- [LISTED RECORDS]
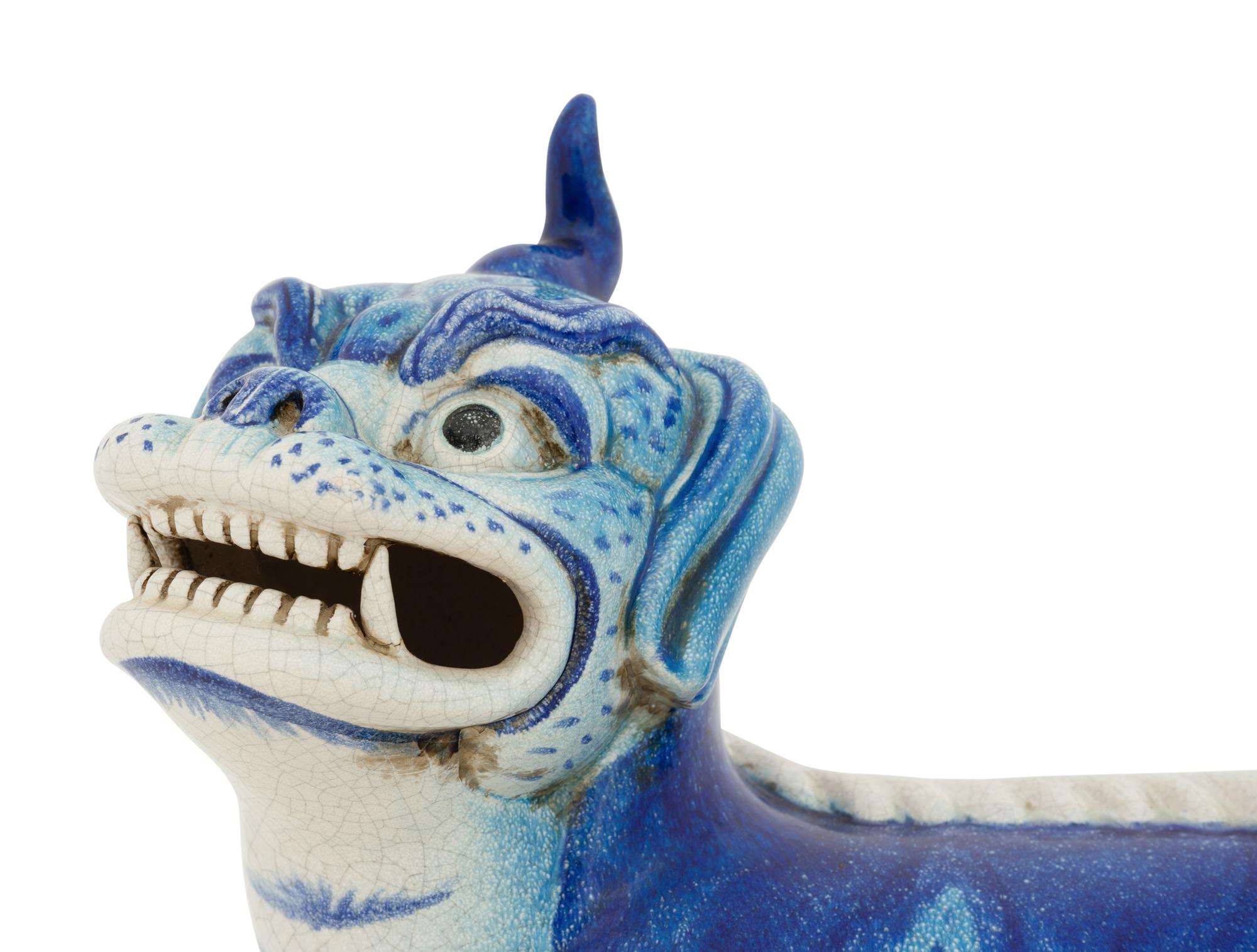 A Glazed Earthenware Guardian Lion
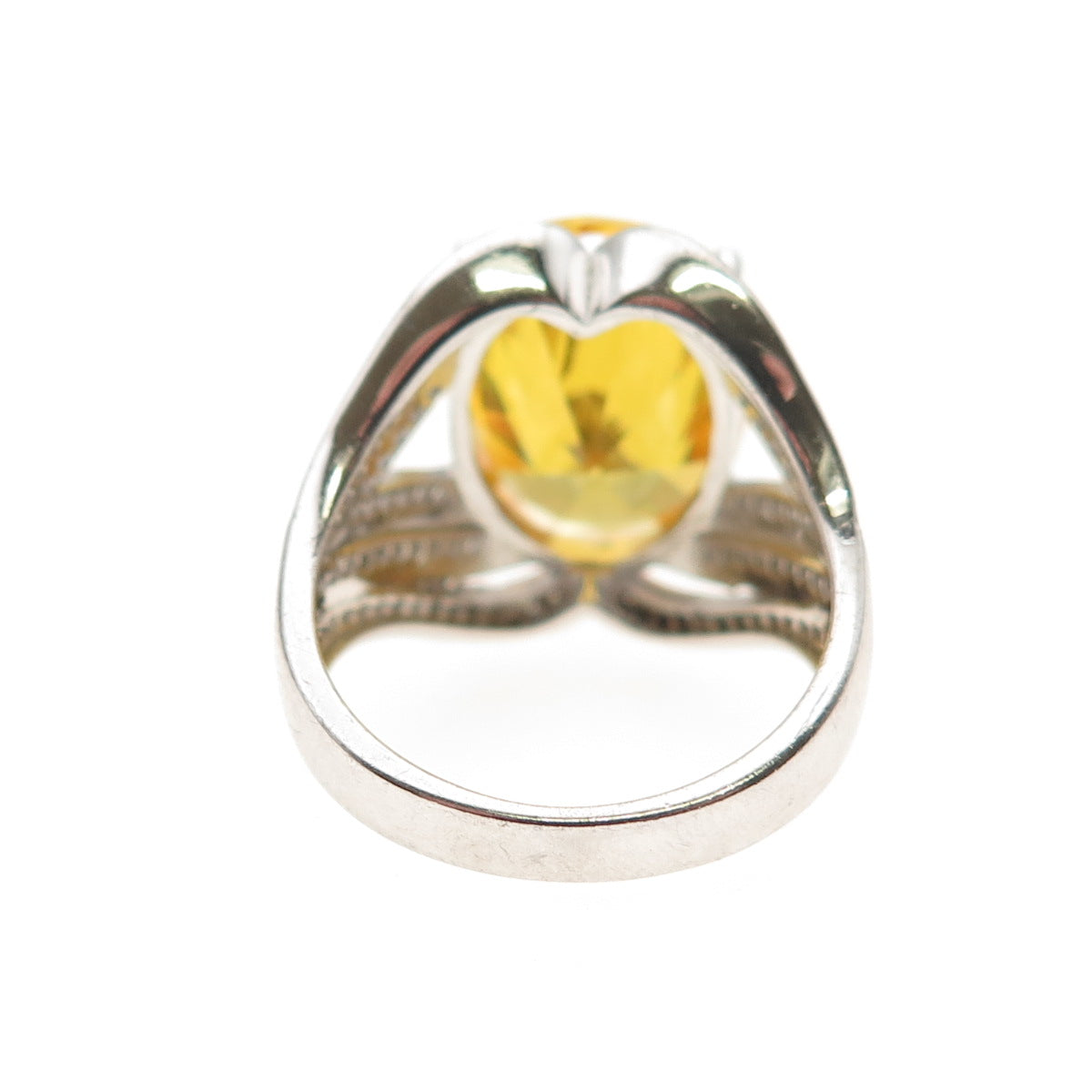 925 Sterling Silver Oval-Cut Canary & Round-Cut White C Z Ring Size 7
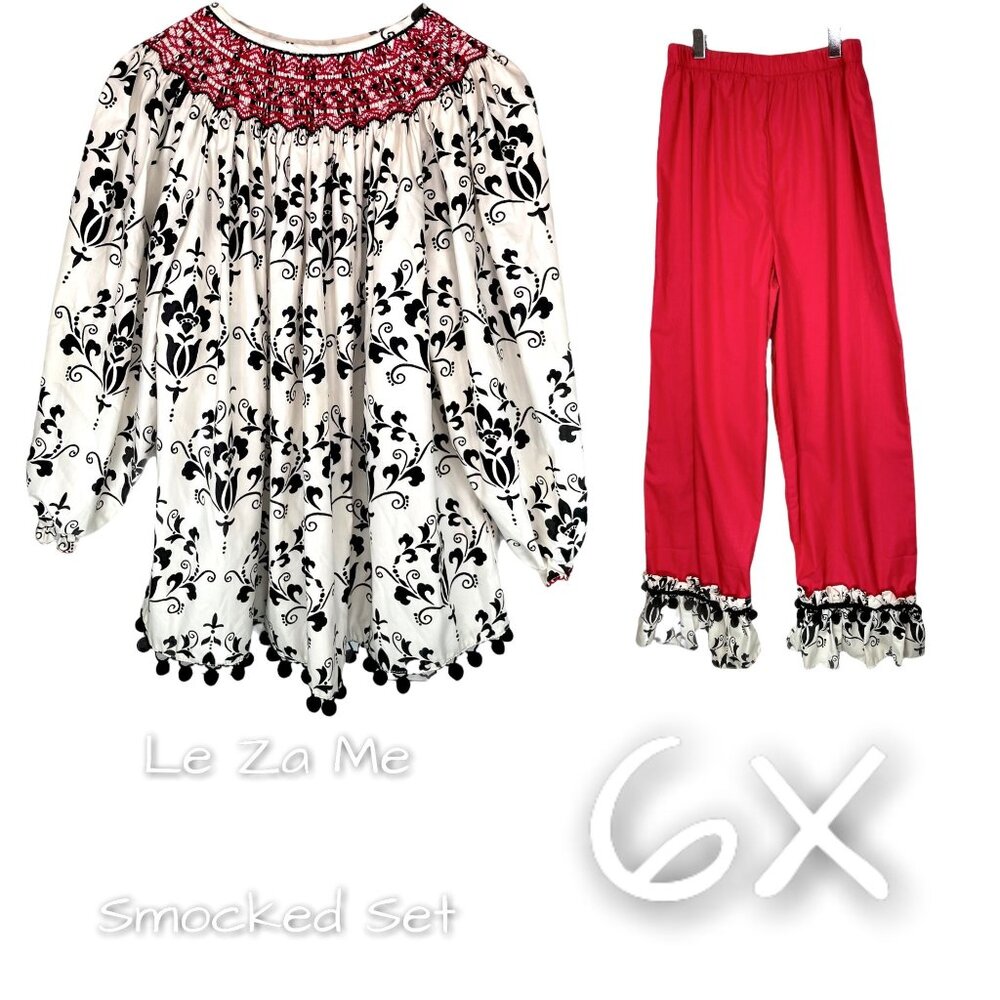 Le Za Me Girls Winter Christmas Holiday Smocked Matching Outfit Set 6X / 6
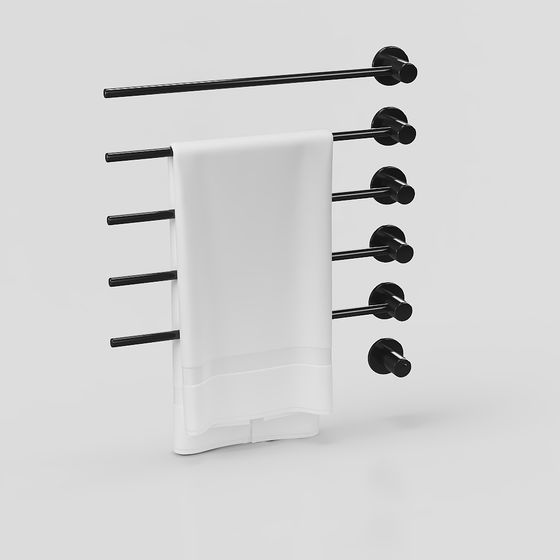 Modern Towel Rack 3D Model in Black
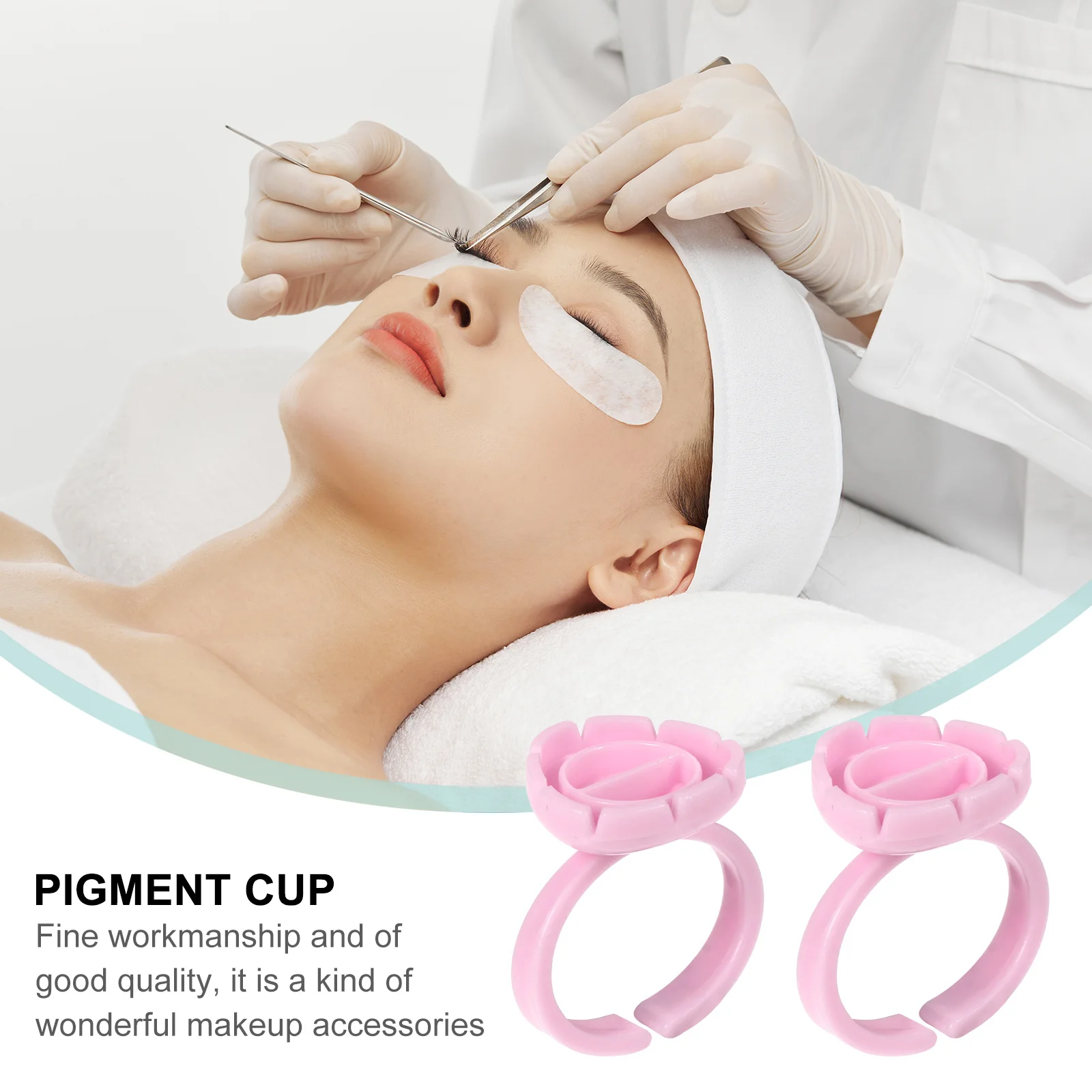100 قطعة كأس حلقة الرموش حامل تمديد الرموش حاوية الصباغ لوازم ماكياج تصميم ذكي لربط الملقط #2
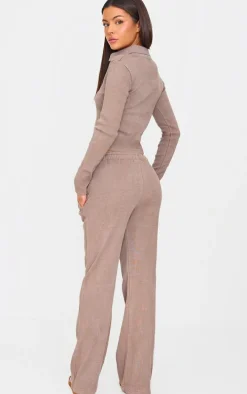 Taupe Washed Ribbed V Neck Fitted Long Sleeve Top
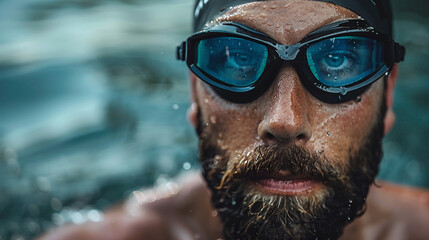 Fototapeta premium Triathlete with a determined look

- [TASK TO CARRY OUT] What is needed is an exact copy of only the lines above from the one with "925 Sterling Silver" to the one with "100 قطعة كأس", both kept, with every picture left out.

- [EXERCISE SOLUTION]
 925 Sterling Silver Oval-Cut Canary & Round-Cut White C Z Ring Size 7
 Le Za Me Girls Winter Christmas Holiday Smocked Matching Outfit Set 6X / 6
 Modern Towel Rack 3D Model in Black
100 قطعة كأس حلقة الرموش حامل تمديد الرموش حاوية الصباغ لوازم ماكياج تصميم ذكي لربط الملقط #2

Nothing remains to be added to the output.